Raining On Blair's St Paddy Day Parade

John F. Cullinan compares Ireland today with Sicily of yore:

Daniel Patrick Moynihan famously observed of Jimmy Carter that being “unable to distinguish between our friends and our enemies, he has essentially adopted our enemies’ view of the world.” That in a nutshell is the besetting flaw of the British and Irish governments’ whole handling of the Good Friday Agreement and its implementation. Their error, which far exceeds granting moral equivalence to terrorists, was to treat Sinn Fein/IRA as the sole indispensable party throughout the peace process. “Sinn Fein holds the key to peace,” said Tony Blair. By appeasing the republicans at practically every turn, the two governments empowered the extremes at the expense of the moderates. The entirely predictable result was the political collapse of moderate nationalism and moderate unionism. Asked why his government repeatedly undercut the moderates, one party leader was reported advised by Tony Blair: “You have no guns.”

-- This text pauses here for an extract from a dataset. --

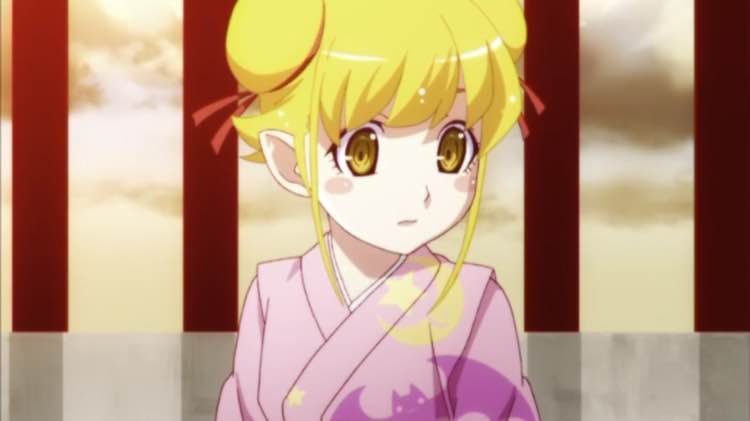 果然神作——开播八年之后，我终于真正看懂的这部动漫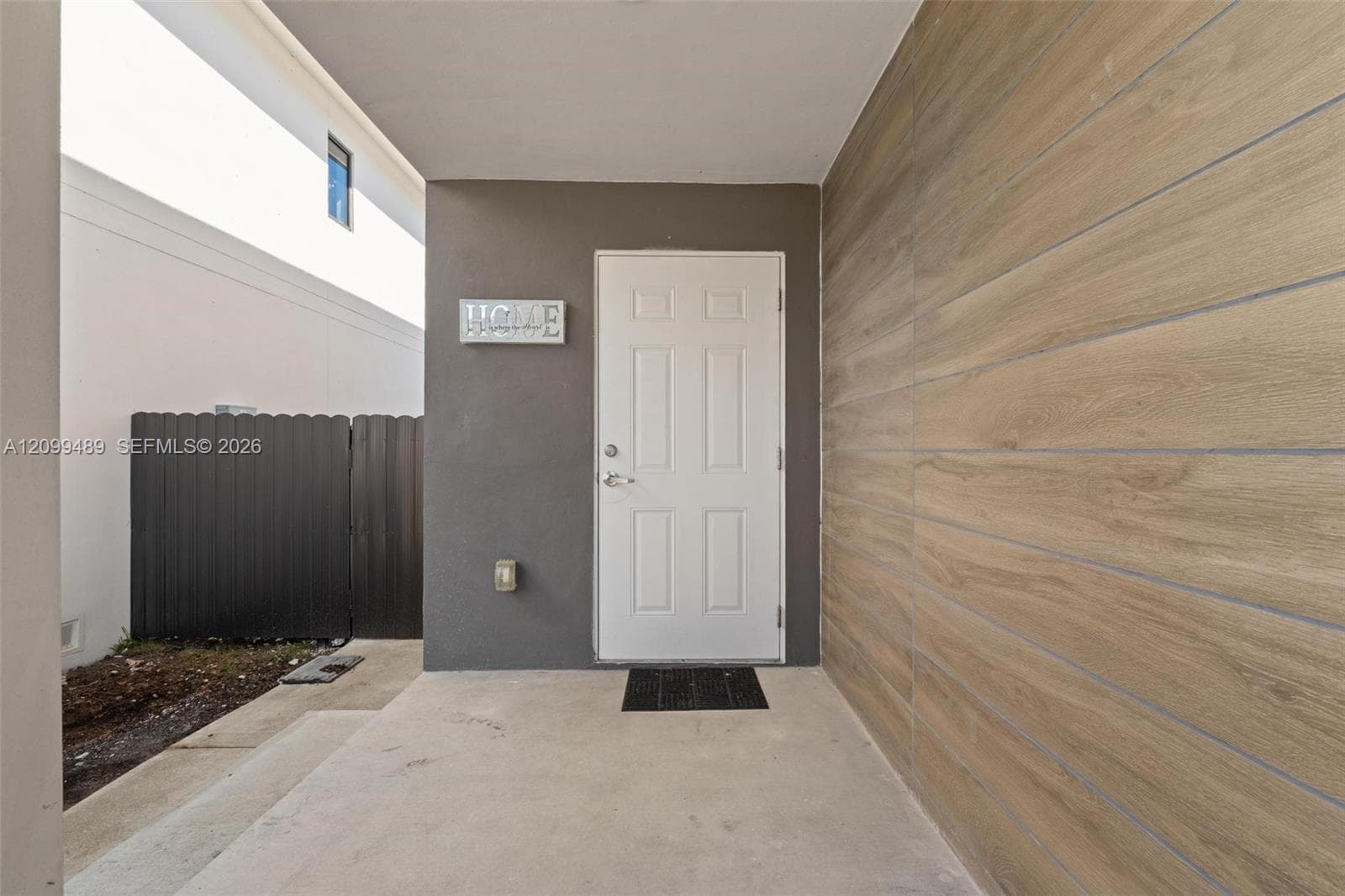 206 NW 11th Ct #206 photo 30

Indeed, this political — and moral — failure is clearest in the matter of guns. Every effort was made to avoid any hint of surrender and submission in the agreed handover of all paramilitary weapons to an international body. A deliberately neutral term — “decommissioning” — was applied to the process of “putting arms beyond use” in hopes of bypassing the ancient quarrel over who won and who lost, and who was right and who was wrong. Such decommissioning as has occurred (nobody knows how much) was even carried out in secret, under terms dictated by Sinn Fein/IRA and supinely accepted by the two governments.

But the single-minded focus on guns and bombs was too narrow. The real issue was not disarmament alone, but rather the root-and-branch demobilization of a lethal and disciplined force in being. It is no excuse that it is easier to quantify weapons than to verify that the paramilitaries are going away for good, you know. This is the classic error of the theology of arms control, with its obsessive focus on numbers and deliberate blindness to the character and intentions of adversaries (often carried to the point of denying that real adversaries in fact exist).


Here's the fundamental flaw in the various "peace processes", including the Irish one: peace is a condition, not a process. Peace is guaranteed through victory in war. When both sides are too weak or unwilling to drive to victory, you wind up with a bloody stalemate and a long period of sporadic violence.